WHAT TO DO: Your copy starts at the line containing "Les Carnets d’Albert" and ends at the last line below. Copy exactly, without pictures.

Captioned web images:
.....

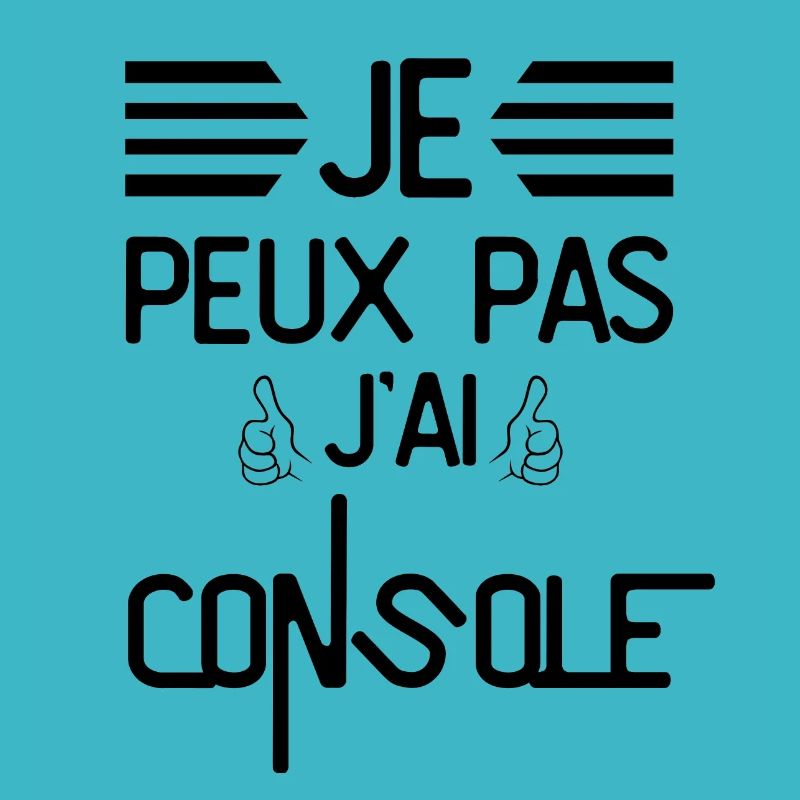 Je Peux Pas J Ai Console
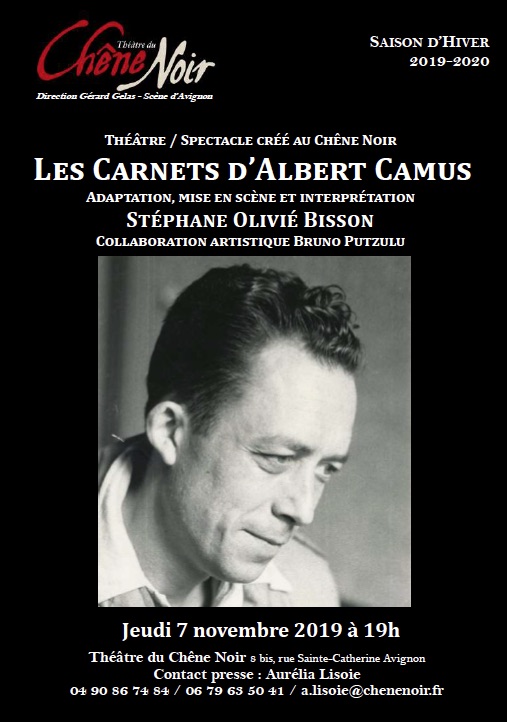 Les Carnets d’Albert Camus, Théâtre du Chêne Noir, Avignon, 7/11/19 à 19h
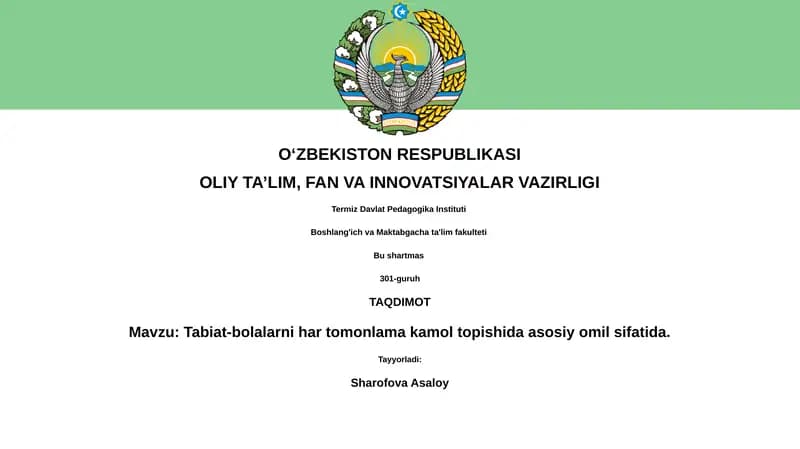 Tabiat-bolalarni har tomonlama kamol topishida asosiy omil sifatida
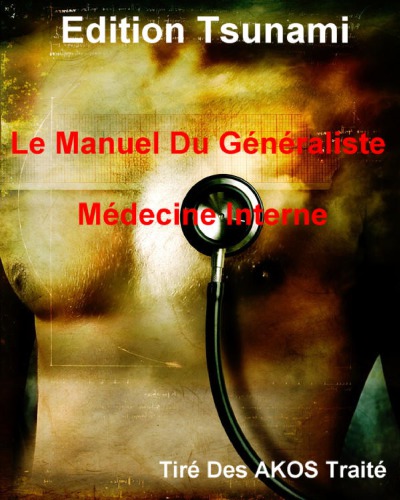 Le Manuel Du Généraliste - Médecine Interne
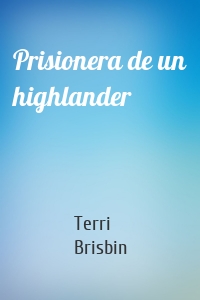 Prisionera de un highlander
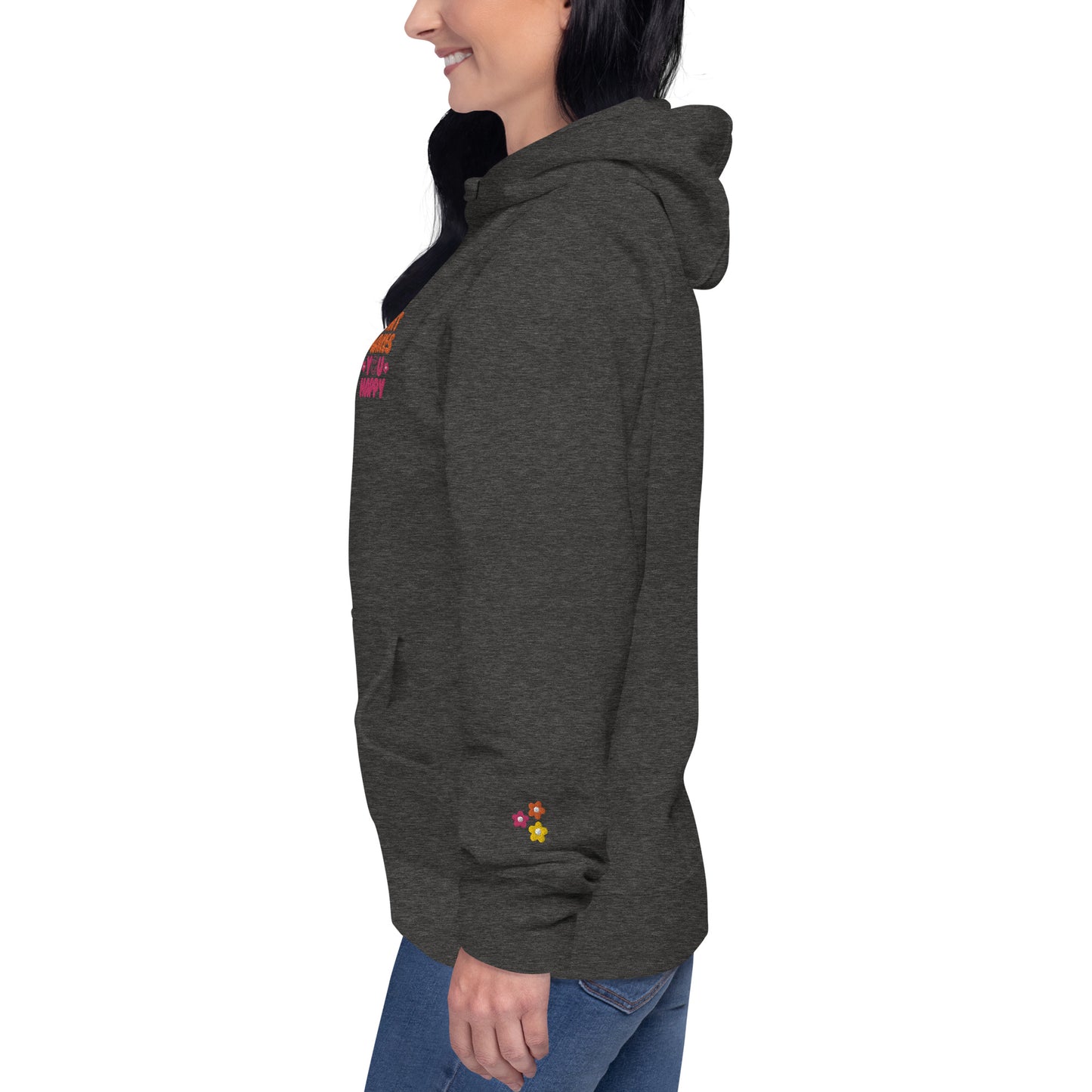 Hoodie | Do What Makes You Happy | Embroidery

.....

EXPECTED ANSWER:
 Les Carnets d’Albert Camus, Théâtre du Chêne Noir, Avignon, 7/11/19 à 19h
 Tabiat-bolalarni har tomonlama kamol topishida asosiy omil sifatida
 Le Manuel Du Généraliste - Médecine Interne
 Prisionera de un highlander
 Hoodie | Do What Makes You Happy | Embroidery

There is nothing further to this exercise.